The **systemdspawner** enables JupyterHub to spawn single-user notebook
servers using
`systemd <https://www.freedesktop.org/wiki/Software/systemd/>`__.

Features
--------

If you want to use Linux Containers (Docker, rkt, etc) for isolation and
security benefits, but don't want the headache and complexity of
container image management, then you should use the SystemdSpawner.

With the **systemdspawner**, you get to use the familiar, traditional
system administration tools, whether you love or meh them, without
having to learn an extra layer of container related tooling.

The following features are currently available:

1. Limit maximum memory permitted to each user.

If they request more memory than this, it will not be granted
(``malloc`` will fail, which will manifest in different ways depending
on the programming language you are using).

2. Limit maximum CPU available to each user.

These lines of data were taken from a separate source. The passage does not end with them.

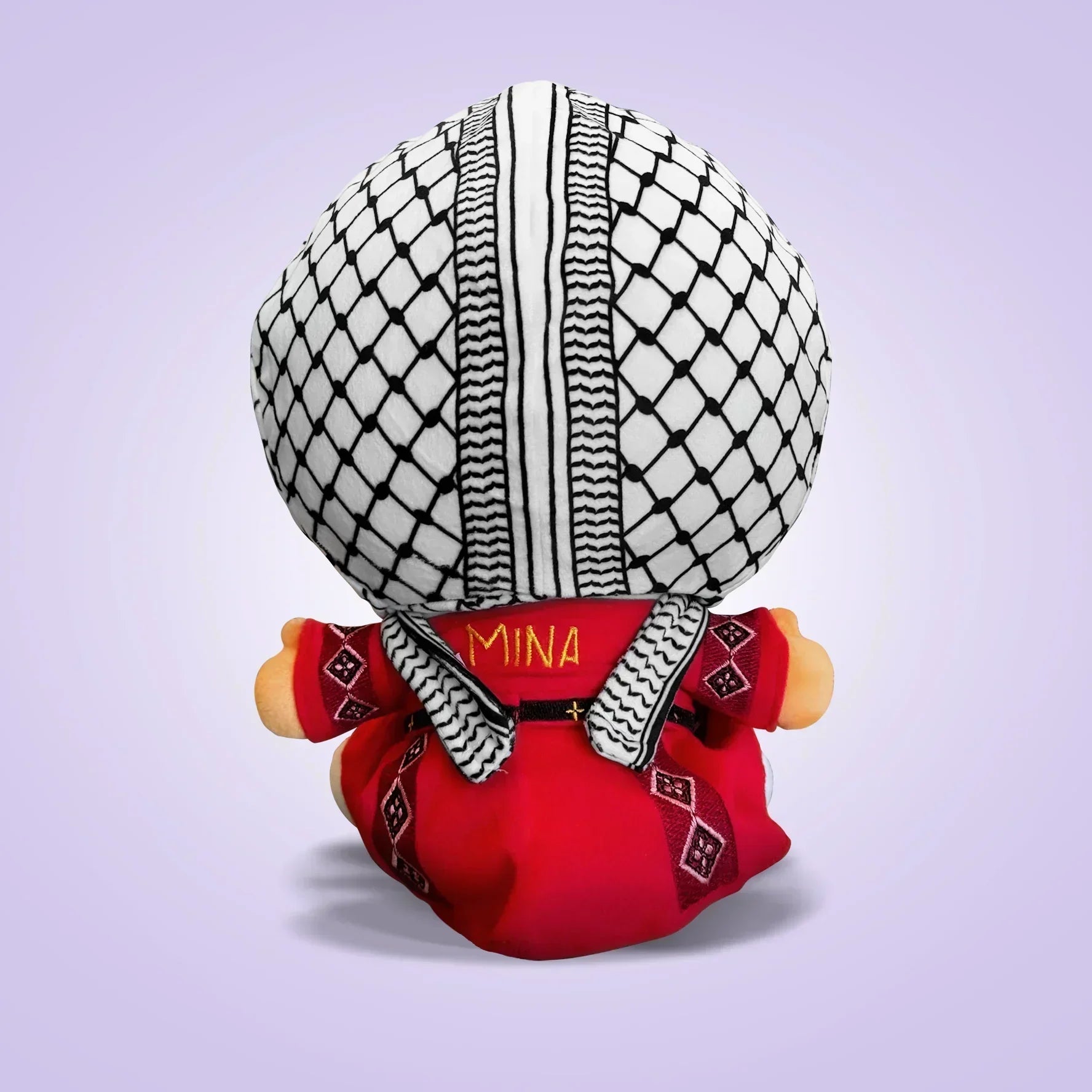 Palestine Doll BFCM OFFER - Muzzy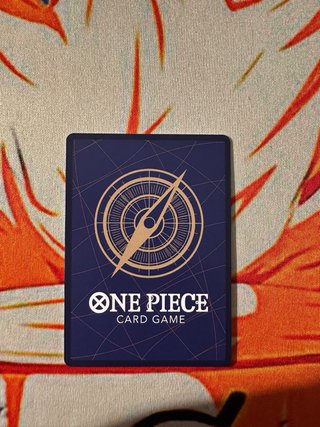 Monkey D. Garp OP17 Carta Special HAKI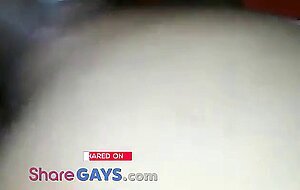 Bundudo teve cu destruido por rola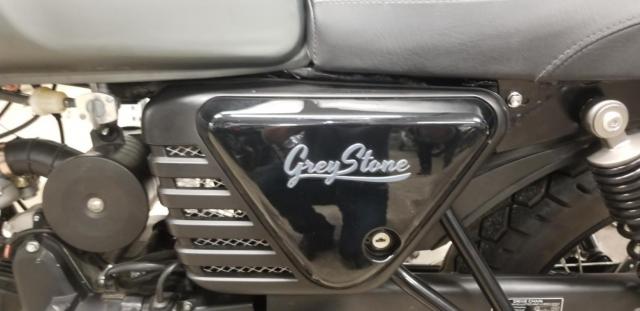 Greystone 50 Masai Gris image 6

3. Provide fair scheduling to users independent of the number of
processes they are running.

For example, if User A is running 100 CPU hogging processes, it will
usually mean User B's 2 CPU hogging processes will never get enough CPU
time as scheduling is traditionally per-process. With Systemd Spawner,
both these users' processes will as a whole get the same amount of CPU
time, regardless of number of processes being run. Good news if you are
User B.

4. Accurate accounting of memory and CPU usage (via cgroups, which
systemd uses internally).

You can check this out with ``systemd-cgtop``.

5. ``/tmp`` isolation.

Each user gets their own ``/tmp``, to prevent accidental information
leakage.

6. Spawn notebook servers as specific local users on the system.

This can replace the need for using SudoSpawner.

7. Restrict users from being able to sudo to root (or as other users)
from within the notebook.

This is an additional security measure to make sure that a compromise of
a jupyterhub notebook instance doesn't allow root access.

8. Restrict what paths users can write to.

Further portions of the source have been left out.